Smart money is rotating out of AI chips into ships, lithium, and data centres.

Join Tom, Gerald and Marie for this edition's podcast · 13 min Spotify YouTube

Signals

AI Cloud

Google and Blackstone are creating a new AI cloud company, with Blackstone providing $5bn in equity for 500MW of data centre capacity next year. The WSJ and FT both break the story, signalling a direct assault on AWS and Azure's dominance in the hyperscaler market. The deal suggests that even as AI chip spending may be near a peak, infrastructure build-out is still accelerating — though Google's capital is minimal alongside Blackstone's. We watch how hyperscalers react.

GOOGL

Buy Alphabet — Google's partnership with Blackstone deepens its AI cloud footprint without full balance sheet strain; +26% YTD and 27.5x fwd P/E reflect market confidence in its AI strategy.

$396.9 +0.04%
BX

Buy Blackstone — Blackstone's majority stake in a $5bn AI cloud venture underscores its conviction in infrastructure; -26% YTD and 15.5x fwd P/E may offer a value re-entry point.

$117.0 -0.72%

Lithium Demand

Tianqi Lithium's boss argues that demand forecasts miss the rapid electrification of ships, trucks, and industrial equipment, which will drive a fresh battery boom. FT reports his view, which broadens the lithium demand narrative beyond passenger EVs. LIT and producers sold off 7-14% over the past week, but the call suggests the correction is overdone. Next catalyst: Q2 shipment data from major miners.

LIT

Buy Lithium ETF — Lithium ETF down 7.2% in a week despite Tianqi's structurally bullish call; the sell-off may be a buying opportunity if industrial demand materialises.

$83.03 -1.25%
ALB

Buy Albemarle — Albemarle -14.5% in one week; the Tianqi view could mark a turning point if EV and industrial demand converge.

$175.7 -2.57%
SQM

Buy SQM — SQM -12.6% in one week, similar to ALB; cheap at 14.8x fwd P/E if lithium prices rebound.

$82.66 -1.90%

Carvana New-Car

Carvana's expansion into new-car sales has traditional dealers rattled, according to a WSJ report.
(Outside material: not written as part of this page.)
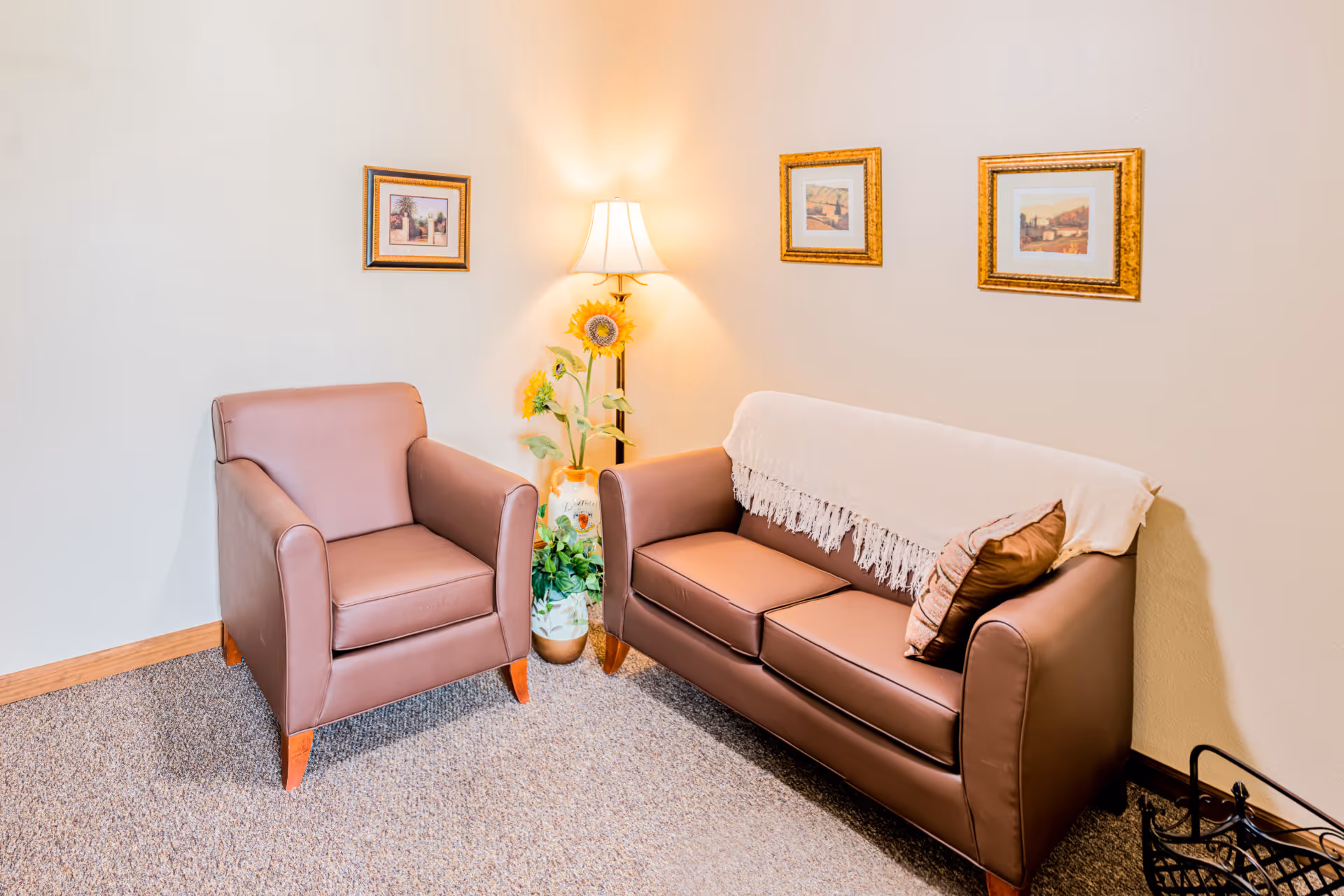 A cozy corner of a living room featuring a brown leather armchair and a matching three-seat sofa with a beige throw draped over the back. A floor lamp with a white shade stands between the two seats, next to a vase with sunflowers and green plants. Three framed pictures hang on the beige wall above the sofa and armchair. The floor is carpeted in a neutral tone.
The move could open a much larger addressable market for the online retailer, but CVNA is already volatile, down 17.5% YTD. Traditional dealers like AutoNation trade at single-digit P/Es but are near 52-week lows, and the disruption thesis may already be priced in.

KMX

Sell CarMax — Carvana's move intensifies pressure on dealers; CarMax at 0.89x P/B seems cheap but faces secular headwinds.

$37.05 +0.32%
AN

Sell AutoNation — AutoNation at 7.5x fwd P/E but only 3% above 52-week low — the market already smells disruption.

$181.9 -1.20%
CVNA

Watch Carvana — New-car sales expansion is a bold but unproven pivot; CVNA's 31.4x fwd P/E and high beta make it a binary watch.

$66.02 -1.71%

Japan-Korea Oil Reserve

South Korea plans to join Japan's joint oil reserve programme, a historic energy security pact between the two countries. Nikkei Asia reports the move will be announced at a summit, potentially reducing North Asian reliance on China's SPR. EWY has surged 72% YTD, so the positive sentiment may already be reflected, but the geopolitical cooperation is a tailwind.

EWJ

Buy Japan equities — Japan ETF +11.8% YTD benefits from enhanced regional energy cooperation, though the direct impact is modest.

$90.92 -0.16%
EWY

Buy South Korea equities — South Korea ETF +72.3% YTD may have front-run the news; new money deserves lower conviction here.

$176.1 -1.54%

SEC Tokenization

Bloomberg reports the SEC is poised to propose a framework for tokenized stocks, potentially opening the door for Wall Street to adopt blockchain for equity settlement. This would be a major regulatory milestone, benefiting compliant exchanges and crypto infrastructure. COIN, down 20% YTD, could get a catalyst if traditional securities move on-chain.

COIN

Buy Coinbase — Coinbase, the leading US compliant exchange, stands to benefit from tokenized equity; at 37.6x fwd P/E and down 20% YTD, the risk/reward is improving on regulation.

$189.4 -3.07%
BTC-USD

Buy Bitcoin — Broader regulatory acceptance is bullish for bitcoin as a store of value, but the tokenization news is not directly a BTC catalyst.

ETH-USD

Buy Ethereum — Ethereum smart contracts likely underpin tokenization, but immediate impact is speculative.

AI Miner Bet

Ex-OpenAI researcher Leopold Aschenbrenner is shorting Nvidia and AMD and buying bitcoin miners to gain AI data centre exposure at a lower cost. CoinDesk reports the $13.6bn fund's view that chip valuations are stretched and miner infrastructure is underpriced. HIVE surged 28.6% last session on the news, while NVDA slipped 1.3% — the trade has already moved.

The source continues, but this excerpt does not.